Sounds great. After reading/hearing the good results you've had with them, I've got a jjb-100 on the way to try out. Not sure what I'm going to put it in yet but most likely a baritone. If it works out alright, I'll probably pick up a couple more. Any installation tips/tricks you've learned along the way?
1) Just a dot of the thick "gel" type superglue works well to hold them in place - you have to hold for about 30 seconds to a minute but it gives you a little time to ensure the placement is good. Disposable Nitril or plastic gloves aren't a must - but I came
this close to leaving some skin behind in the first one I did.
2) Feel around inside and plan your placement and your strategy for getting the pickup in place before you put the glue on it. The KoAloha was the easiest bedause there was no fan bracing to get in the way.
3) If installing in a soprano make sure the sensor will fit. I ordered the 15mm pickups for my two sopranos - I think the 20mm would have fit but would have left fewer options for placement.
4) Placement doesn't seem critical, at least not in soprano and concert size ukes. Just watch that you don't end up actually touching a brace and that the lead won't be resting against a brace or the top because it will buzz; I initially had a minor buzz in the baritone that I tracked down to a lead just touching one brace. If in doubt you can use a thin piece of stiff cardboard to deliver a dollop of hot-melt glue to hold the leads in place against the back of the uke or what have you to keep them from moving. I ended up doing that on the baritone and then went back and "retrofit" some hot glue on the other ukes to make sure that the leads wouldn't give problems later. All the pi tures show these being placed on the bridge plate - you probably won't be able to reach the bridge plate and, frankly, I think the "sweet spot" is actually on the top just in front of the bridge plate, anyway. You might get a little more volume on the bridge plate itself, but I think you get more character of the top when the transducer is actually on the top.
5) For drilling holes, apply some painter's tape to the outside of the uke first to make it less likely to chip. Then, use the right kind of bit. I can't think of the name right now but the bits I use have a small pilot bit in the middle with the typical beveled drill tip, but the rest of the bit has no angle to the leading edge.

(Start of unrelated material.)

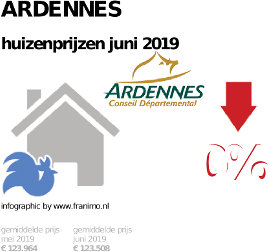 gemiddelde prijs koopwoning in de regio Ardennes voor juni 2019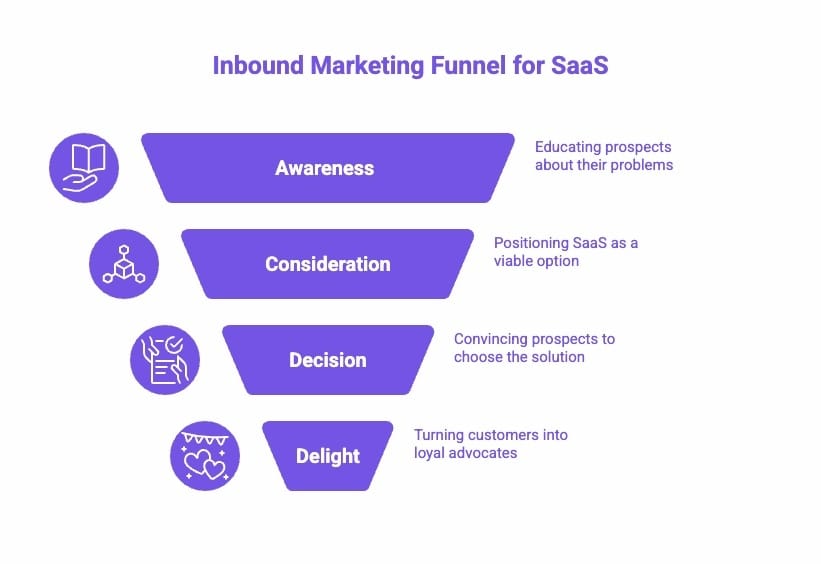 Infographic of What is Inbound Marketing for SaaS Companies?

They are designed for cutting flat-bottomed holes when making furniture and the like but they also are less likely to chip the wood because the bit doesn't angle into the wood.
Make sure the bit is sharp! Dull bits chip wood! EDIT: the step bits or Unibits are also supposed to work well, though I haven't tried them. The trouble is that most of these bits have very short lateral distances between steps - this is okay if you are drilling the side - if you are using an endpin jack the heel block and side are going to be anywhere from 3/8 to 1/2 " thick.
6,7,8,9,10) Take your time and have fun!